„Mensch Stephan, wir kommen hier nicht vom Flughafen weg, kannst Du uns nicht abholen?“
Solche oder ähnliche Anrufe gibt es rund um den Osnabrücker Flughafen FMO sicher häufiger. Meist nach einem Kurztrip nach Mallorca oder einer Geschäftsreise nach München, Rio oder Tokio.
Ende Mai rief Osnabrücks Stadtbaurat den Mobilitätsvorstand der Stadtwerke an, denn auch Frank Otte glaubte, er sei am FMO gestrandet – war er aber nicht, wie sich inzwischen herausstellte.
Eine erste Bestandsaufnahme zum „Bus-Gate“ von Heiko Pohlmann
Ob es am 23. Mai den fiktiven obigen Wortlaut gegeben hat, oder Stadtbaurat Frank Otte vielleicht auch etwas fordernder gegenüber Stadtwerke-Vorstand Dr. Stephan Rolfes wurde, ist nicht bekannt. Allerdings gilt inzwischen als sicher, dass Rolfes nach telefonischer Aufforderung durch den Stadtbaurat – obwohl zu diesem Zeitpunkt bei den Stadtwerken Osnabrück nur noch die für die Aufrechterhaltung des fahrplanmäßigen Fahrbetriebs notwendigen Kapazitäten verfügbar waren – einen Linienbus samt Fahrer aus dem regulären Fahrbetrieb herausnahm und an den 35 Kilometer entfernten Flughafen FMO beorderte.
Wie kam es zu der ungewöhnlichen Bus-Bestellung? Nach umfangreichen Recherchen der Lokalzeitung NOZ waren am Montag, den 23. Mai, mehrere Dutzend hochrangige städtische Führungskräfte zu einem halbtägigen internen Meeting zum Osnabrücker Heimatflughafen FMO gefahren.
Dafür wurde im Vorfeld ein Reisebus bei einem privaten Unternehmen gechartert, der bis zur für den Abend geplanten Abholung auf einem nahegelegenen Parkplatz auf die Leistungsträger der Verwaltung und der städtischen Eigenbetriebe wartete.

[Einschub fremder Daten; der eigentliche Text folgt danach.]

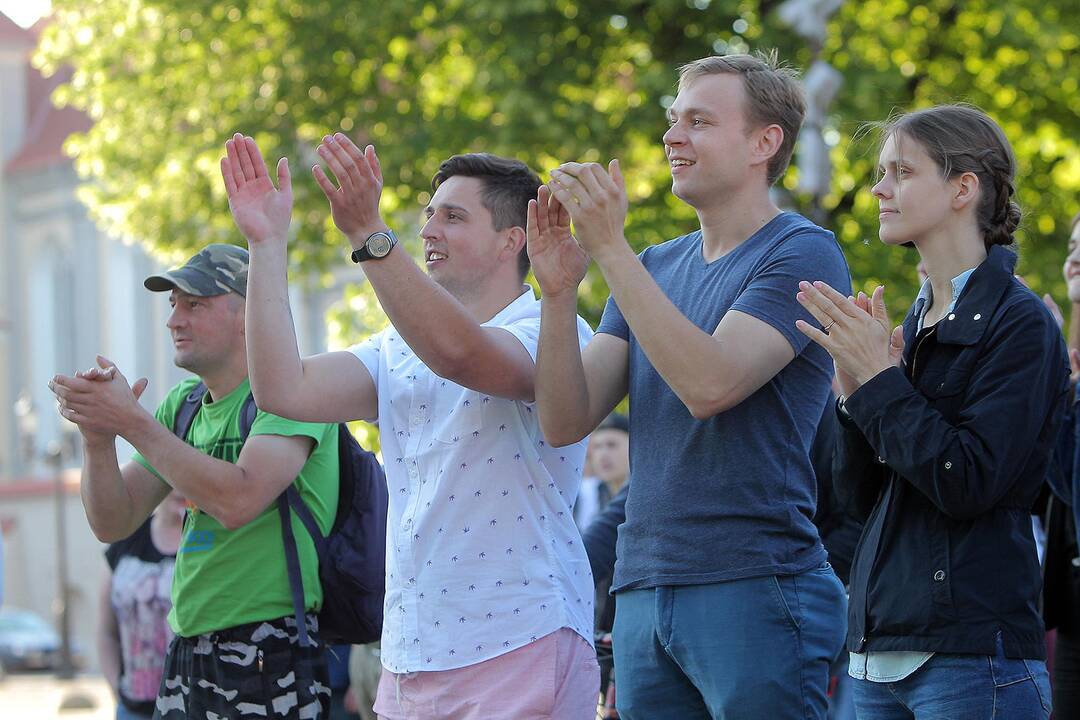 Kauniečiai stebi Eurolygos „bronzos“ mačą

Bus wartete nicht direkt am Terminal, wurde jedoch bald gefunden
Gegen 20:30 Uhr, so die Recherchen der NOZ, strömten die Verwaltungsfachleute aus dem Terminal, in dem auch die Seminarräume untergebracht sind, und wollten in den Bus steigen, der jedoch nicht in der nur für das Ein- und Aussteigen zugelassenen Abholzone gewartet hatte, sondern – und das soll vorher so vereinbart gewesen – auf oben bereits erwähntem Flughafenparkplatz wartete.
Schließlich muss wohl ein Teilnehmer der Verwaltungstruppe auf die Idee gekommen sein, doch mal im überaus überschaubaren FMO-Umfeld nach dem Bus zu schauen. Mit rund einstündiger Verspätung ging es dann für die meisten Verwaltungsmitarbeiter im genau für diesen Zweck bestellten Charter-Reisebus zurück nach Osnabrück.
Otte organisierte zwischenzeitlich eine Extratour bei den Stadtwerken
Statt im Flughafenumfeld zu suchen oder telefonisch sich beim privaten Busunternehmen nach der Abholung zu erkundigen, soll aber Stadtbaurat Frank Otte seine ganz eigene Problemlösung vorangetrieben haben.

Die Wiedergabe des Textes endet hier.